# La Spaziale & Niche Zero



## olieolieolieolie (Nov 21, 2020)

My current (fairly new) setup - a S1 mini and niche zero.


----------



## The Systemic Kid (Nov 23, 2012)

Tidy😀


----------



## Mikey finn (Jul 9, 2020)

Nice one, how you finding the s1


----------



## DavecUK (Aug 6, 2013)

Looks good, have not seen an S1 in a while and even longer since I last used one.


----------



## olieolieolieolie (Nov 21, 2020)

Mikey finn said:


> Nice one, how you finding the s1


 Definitely an upgrade from my classic, managing to pull some very decent shots with it! Only real niggle was that the previous owner had the brew pressure set too high and it wasn't the easiest to adjust the OPV...


----------



## Mikey finn (Jul 9, 2020)

Iv got a soft spot for the la spaz stuff its bullet proof kit. Used to pour 500+ coffees a day on a S5


----------



## wan (Oct 19, 2016)

high five! how many gram beans you use? [email protected]?


----------



## olieolieolieolie (Nov 21, 2020)

wan said:


> high five! how many gram beans you use? [email protected]?


 Currently running a bit under 16g with an IMS basket - the dispersion plate is fairly thick so struggling to use any more than this


----------



## Christiansson (Dec 13, 2020)

I have the same setup currently, loving the Niche and the Vivaldi is solid, having had it for some 8 good years.

Anyway just wanted to let you know that I bought an adapter for the Niche cup and the 53mm portafilter from Ingo at CoffeeNerds.de, It works great!


----------



## DavecUK (Aug 6, 2013)

That adaptor looks perfect....great find.


----------



## Christiansson (Dec 13, 2020)

DavecUK said:


> That adaptor looks perfect....great find.


 Yes it is, no more burned fingers holding the cup to the hot portafilter 😋.
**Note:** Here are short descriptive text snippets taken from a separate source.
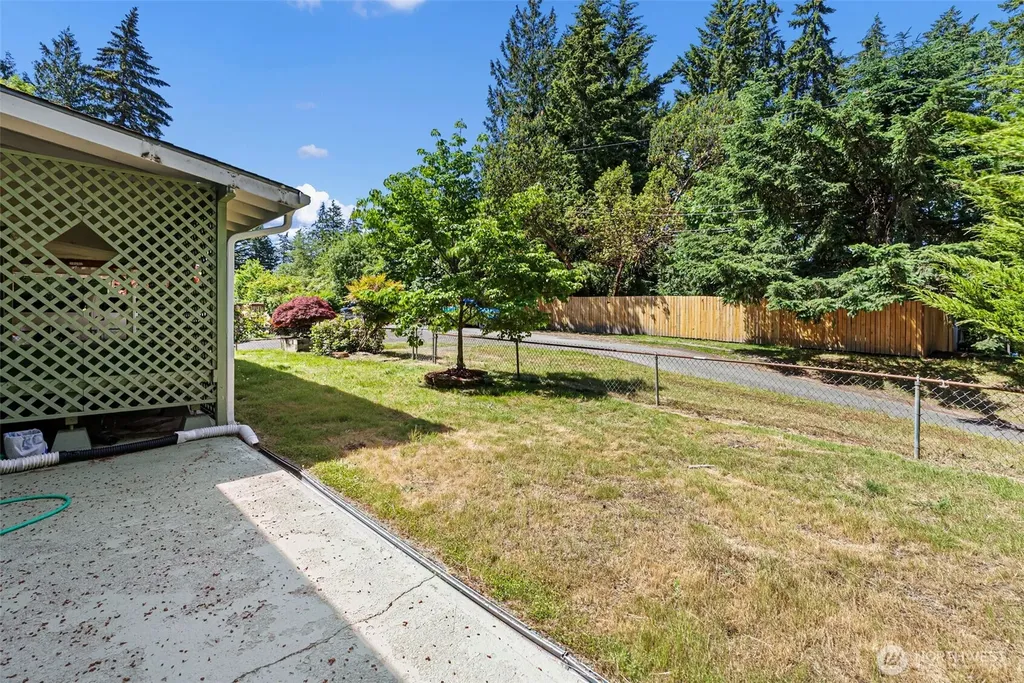 940 Yoder Lane NE Bremerton WA 98311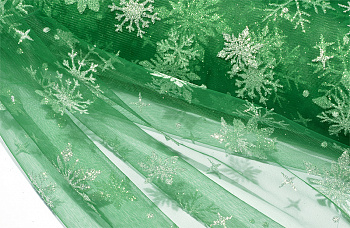 Фатин с глиттером средней жесткости блестящий арт. GW.TRM.034 шир.150 см, 100% ПЭ уп.50м цв.34 зеленый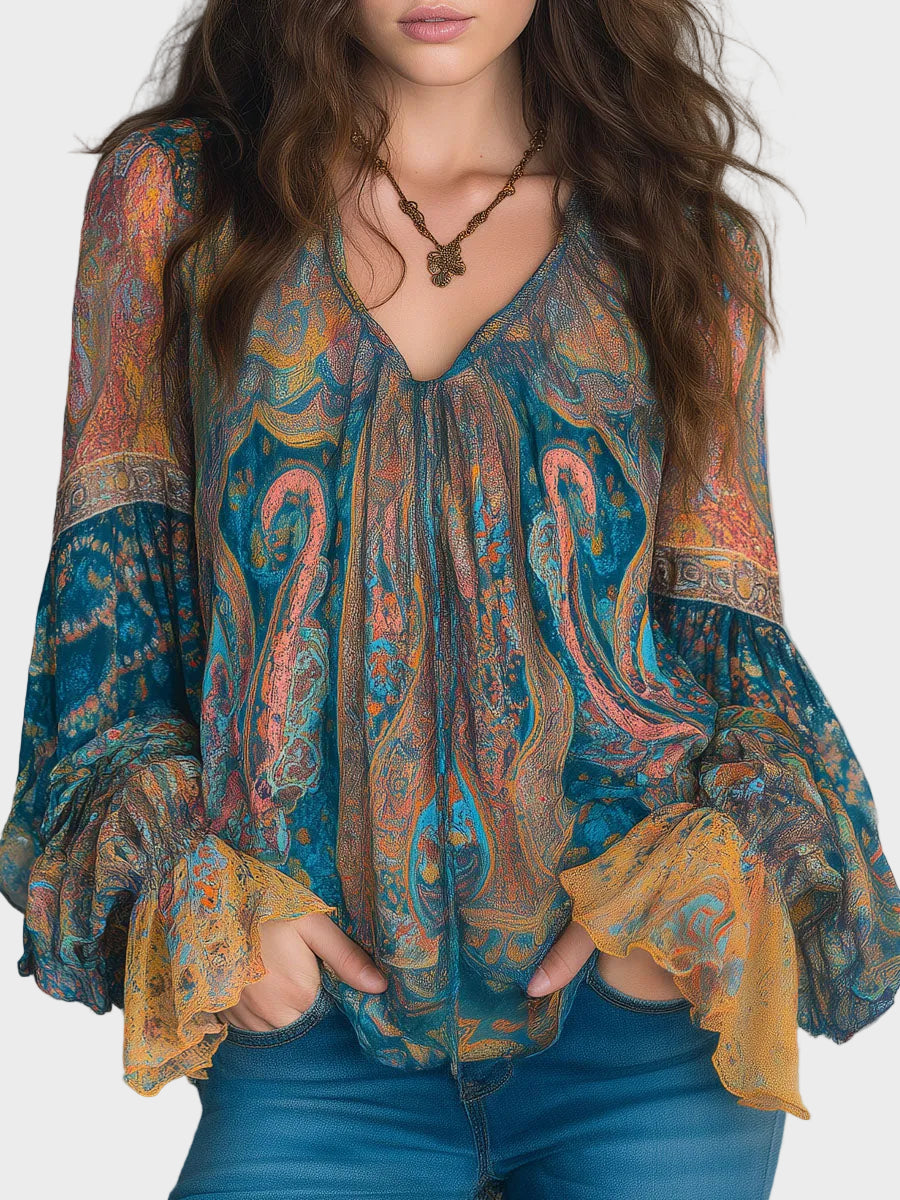 Alina | Boho Šifona Blūze ar Rakstiem Zilā-Zaļā (Teal) un Dzintara (Amber) Krāsā ar Rūtiņām Piedurkņu Galos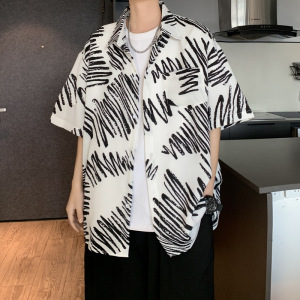 夏季新款夏威夷衬衫男休闲港风痞帅慵懒风短袖花衬衣翻领开衫外套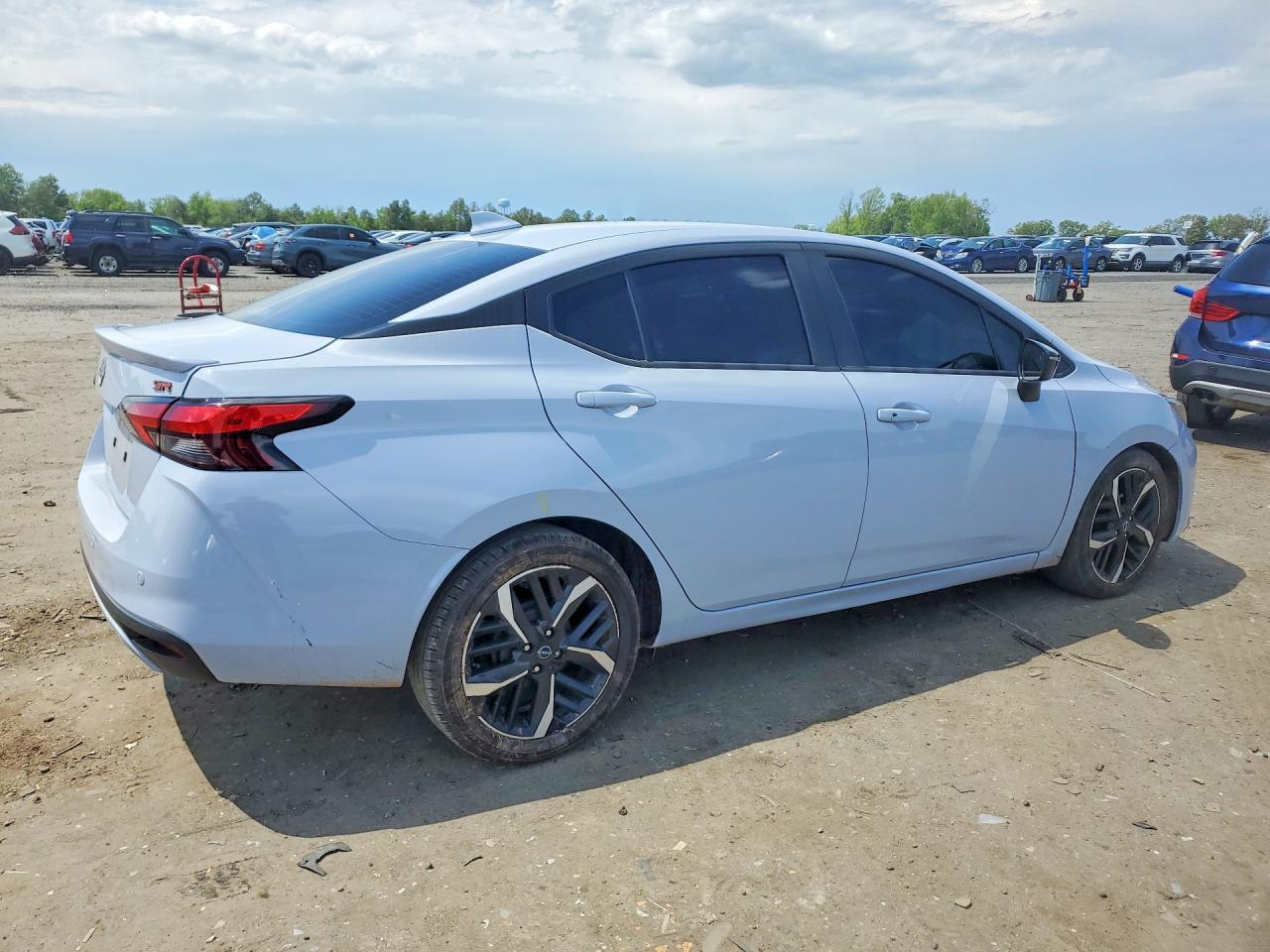 2023 NISSAN VERSA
He makes them by hand and can probably do any diameter on request, great guy.


----------



## JagXK (Oct 1, 2020)

For me it is much easier to grind directly to the PF with a dosing ring. However the wood support ring is too high. See the replacement plastic ring required to protect the wood plate









Sent from my SM-N960F using Tapatalk


----------



## cuprajake (Mar 30, 2020)

Decent sell a pf stand that screws onto the base of the niche.


----------



## JagXK (Oct 1, 2020)

Do you know if it will fit the 53mm PF?


----------